On 7/16/2025 12:01 AM, c8ef wrote:
Hi Mikael,
On 7/14/2025 8:46 PM, Mikael Morin wrote:
Le 13/07/2025 à 16:39, c8ef a écrit :
Hi all,
I'm currently working on implementing the `split` procedure, which
was added in Fortran 2023. Given its similar functionality to the
`scan` intrinsic, I've been learning the implementation of `scan` to
better understand its mechanics. During my investigation of the
source code, I've come across a couple of questions that I'm hoping
you could help me out:
* Function Resolution
I noticed that `scan` resolves to `gfc_get_string("__scan_%d",
string- >ts.kind)`. However, based on my examination of
`libgfortran` and `trans-intrinsic.cc`, it appears this ultimately
forwards to the `string_scan` function. Could you please explain the
significance of this resolution step? Is it critical to the current
implementation, or is it perhaps a remnant of historical design?
No, it's not critical; I think the name can be used in compile-time
errors for example.

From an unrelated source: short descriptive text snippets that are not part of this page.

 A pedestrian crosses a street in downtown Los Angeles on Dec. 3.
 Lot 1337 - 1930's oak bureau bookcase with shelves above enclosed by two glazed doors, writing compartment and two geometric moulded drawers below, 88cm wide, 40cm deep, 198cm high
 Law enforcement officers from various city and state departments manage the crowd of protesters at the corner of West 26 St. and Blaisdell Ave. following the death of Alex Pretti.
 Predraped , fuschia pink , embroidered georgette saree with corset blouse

The name that really matters is the name of the
function declaration that is passed to the middle-end (look for
string_scan in trans-decl.cc). Note that there are two variants:
string_scan, and string_scan_char4 (both on the front-end size and in
libgfortran).
* Argument Passing
According to the Fortran specification, the `scan` intrinsic accepts
arguments for `string`, `set`, `back`, and `kind`. Yet, the intrinsic
implemented in `libgfortran` seems to take `charlen` and the actual
pointers for both `string` and `set`. I've tried searching, but I
haven't been able to pinpoint where this transformation from the
specified arguments to the `libgfortran` expected arguments occurs.

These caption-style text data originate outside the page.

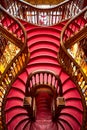 Large wooden staircase with red steps inside library bookstore Livraria Lello in historic center of Porto, famous for Harry Potter Royalty Free Stock Photo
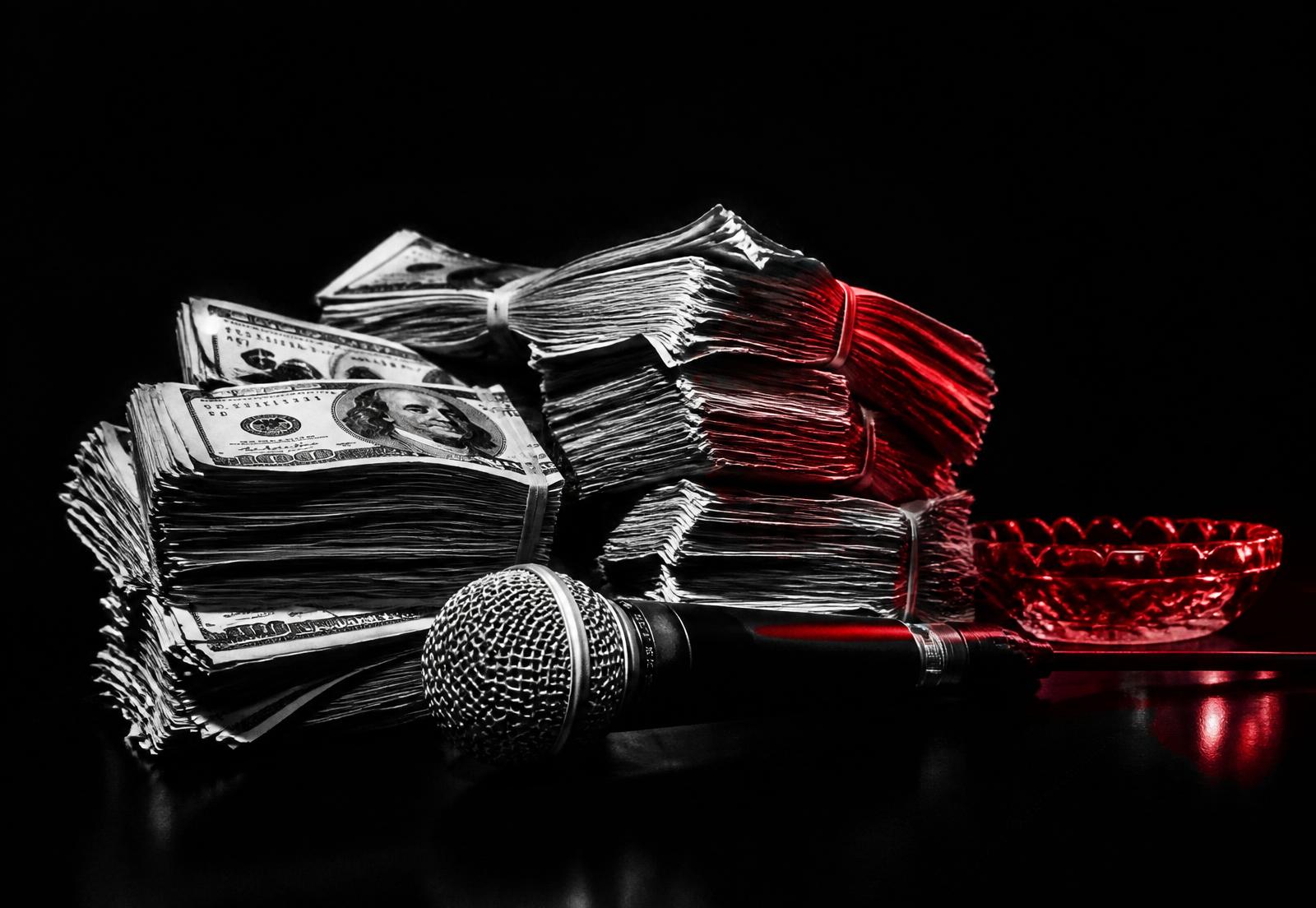 Stacks of cash and a microphone under red light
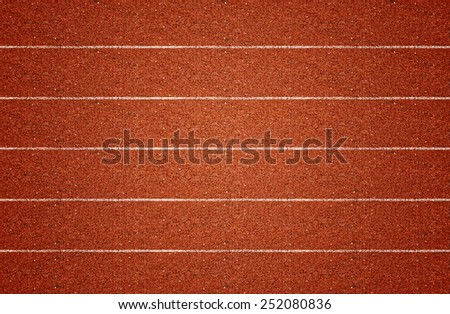 Running track in top view. Royalty-Free Stock Photo #252080836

Any guidance on this would be greatly appreciated.
You can have a look in gfc_conv_intrinsic_function_args.
To arrive there, the call stack starts with gfc_conv_expr (the main
expression translation entry point), then gfc_conv_function_expr,
gfc_conv_intrinsic_function, there jump to the GFC_ISYM_SCAN switch
case, then gfc_conv_intrinsic_index_scan_verify and finally
gfc_conv_intrinsic_function_args.
I hope it helps.
Thanks for your quick and helpful response! Based on your suggestions,
I've written the following trans-intrinsic function and test case:
***
! { dg-do run }
program b
CHARACTER (LEN=:), ALLOCATABLE :: INPUT
CHARACTER (LEN=2) :: SET = ', '
INTEGER P
INPUT = "one,last example"
P = 4
ISTART = P + 1
CALL SPLIT (INPUT, SET, P)
IEND = P - 1
PRINT '(T7,A)', INPUT (ISTART:IEND)
end program b
__attribute__((fn spec (". ")))
void b ()
{
struct __st_parameter_dt dt_parm.0;
static character(kind=1) set[1:2] = ", ";
integer(kind=4) p;
character(kind=1)[1:.input] * input;
integer(kind=4) iend;
integer(kind=4) p.3_1;
character(kind=1) * _2;
integer(kind=8) _4;
integer(kind=8) _5;
integer(kind=8) _20;
<bb 2> [local count: 1073741824]:
input_8 = __builtin_malloc (16);
__builtin_memcpy (input_8, &"one,last example"[1]{lb: 1 sz: 1}, 16);
p = 4;
_gfortran_string_split (16, input_8, 2, &set, &p, 0);
p.3_1 = p;
iend_12 = p.3_1 + -1;
dt_parm.0.common.filename =
&"/home/c8ef/gcc/gcc/testsuite/gfortran.dg/split_1.f90"[1]{lb: 1 sz: 1};
dt_parm.0.common.line = 11;
dt_parm.0.format = &"(T7,A)"[1]{lb: 1 sz: 1};
dt_parm.0.format_len = 6;
dt_parm.0.common.flags = 4096;
dt_parm.0.common.unit = 6;
_gfortran_st_write (&dt_parm.0);
_20 = (integer(kind=8)) iend_12;
_2 = &(*input_8)[5]{lb: 1 sz: 1};
_4 = _20 + -4;
_5 = MAX_EXPR <_4, 0>;
_gfortran_transfer_character_write (&dt_parm.0, _2, _5);
_gfortran_st_write_done (&dt_parm.0);
dt_parm.0 ={v} {CLOBBER(eos)};
p ={v} {CLOBBER(eos)};
return;
}
When looking at the optimized (O1) GENERIC format, it is still unclear
why *p = 16128084538487209988 instead of 4 on the O1/O0 optimized level.